◆ Problem description: Lift out all lines below that contain "Spezial".

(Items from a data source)
============================================================

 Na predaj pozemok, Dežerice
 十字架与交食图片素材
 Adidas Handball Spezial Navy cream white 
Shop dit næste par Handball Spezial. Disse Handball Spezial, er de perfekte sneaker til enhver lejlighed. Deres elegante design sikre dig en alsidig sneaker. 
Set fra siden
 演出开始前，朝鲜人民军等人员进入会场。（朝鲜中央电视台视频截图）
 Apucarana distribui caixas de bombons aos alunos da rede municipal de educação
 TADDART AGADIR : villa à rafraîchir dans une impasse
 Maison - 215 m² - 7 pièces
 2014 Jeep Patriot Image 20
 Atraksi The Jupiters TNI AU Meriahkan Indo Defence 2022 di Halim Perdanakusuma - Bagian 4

============================================================

◆ Response box:
 Adidas Handball Spezial Navy cream white 
Shop dit næste par Handball Spezial. Disse Handball Spezial, er de perfekte sneaker til enhver lejlighed. Deres elegante design sikre dig en alsidig sneaker. 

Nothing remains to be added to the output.